陳延青說完話,就努力瞧着他,瞧着他嘴角勾起笑意,而後被他擡起身子分開腿,從橫着到跨坐在他腿上,才聽見他說,“叫聲哥,我教你。”
“那,那就算了,”陳延青作勢要起來,又被人迅速摁住了腰,“跟誰學不是學,怎麽非得叫你哥才能學會?”
“我叫你哥總行?”伏城認命的微微昂着頭,手臂将人收緊到胸口,“別動了。”
陳延青就真的不動了,由着伏城輕咬住他唇瓣,而後吻他唇珠,再到唇角,像吃棒棒糖的一樣逗弄他的嘴巴,最後才有濡濕的舌尖探進他嘴中,在陳延青再也無法呼吸而呵出一口氣的時候碰到了他舌尖。
伏城很有耐心的實戰教學,應該持續了很久。
接吻會奪走人所有的注意力,讓人的感官短暫的喪失功能,陳延青感覺就是這樣,他抓着伏城的肩膀,被他逼退到身子向後不斷仰去,直到突然被放開,伏城注視着他,粲然的笑了笑,“再躲真的抱不住了。”

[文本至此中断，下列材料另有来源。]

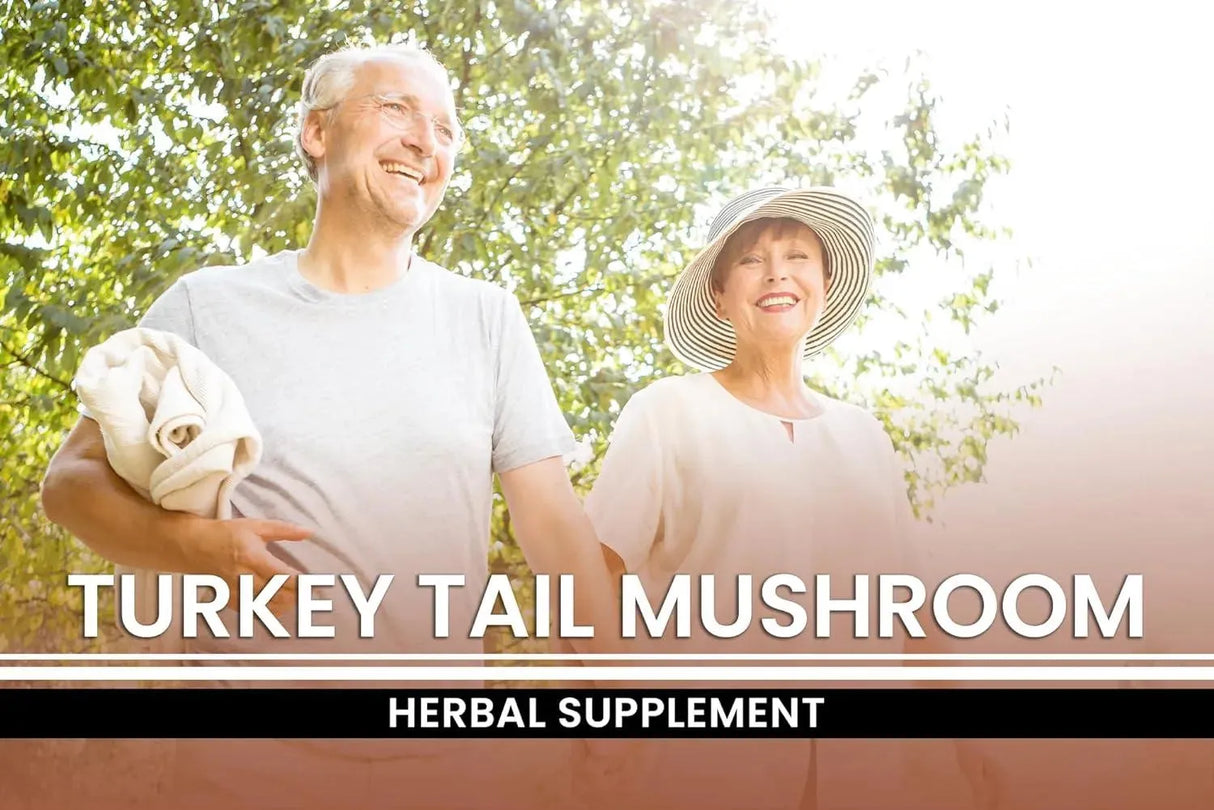 PURE ORIGINAL INGREDIENTS - Pure Original Ingredients Turkey Tail Mushroom 730 Capsulas - The Red Vitamin MX - Suplementos Alimenticios - {{ shop.shopifyCountryName }}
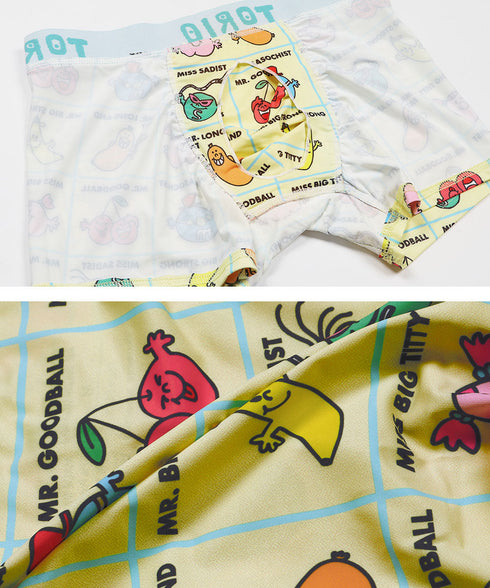 トリオ TORIO Mr&Msフルーツ メンズ ボクサーパンツ 【メール便】 プレゼント クリスマス ギフト 彼氏 夫 旦那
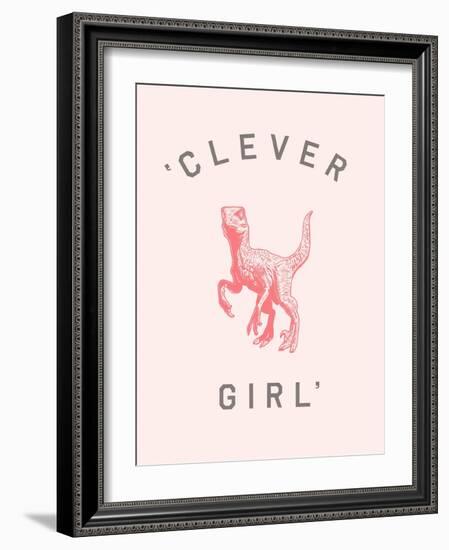 Clever Girl-Florent Bodart-Framed Giclee Print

陳延青才重新坐直了身子,伏城似乎不打算繼續了,伸手擦掉了他嘴角的水漬,問,“好玩兒麽?”
陳延青神志不清的點頭,又很快的搖頭,“我困了,”說完從他懷裏掙脫出來,而後馬不停蹄的往樓下跑去。
天臺的門一開一合,陳延青自然沒看見,伏城留在那多坐了會,吹了些涼風,再站起來的時候,原地輕微的蹦了兩下,低頭确認沒什麽異樣了才跟着下了樓。
翌日,唐萍開門來叫人的時候,愣了一下,瞧着坐在書桌前的人問,“延青,今兒什麽日子,起這麽早?”
“醒了就起來了。”陳延青背對着她,一手撐着腦袋,他不是起得早,是壓根沒怎麽睡,他也不知道為什麽,伏城親了他幾次,唯獨昨晚那次,讓他徹夜未眠,哪怕是現在,只要想起來,心口還是緊緊的,像被人打了個死結。
“那出來吃早飯吧,我先上班去了,”唐萍要帶上門,又停下來,“對了,你說伏城以後下來吃早飯我就多做了一份,你們吃完上課去,碗我晚上回來洗。”
“知道了。”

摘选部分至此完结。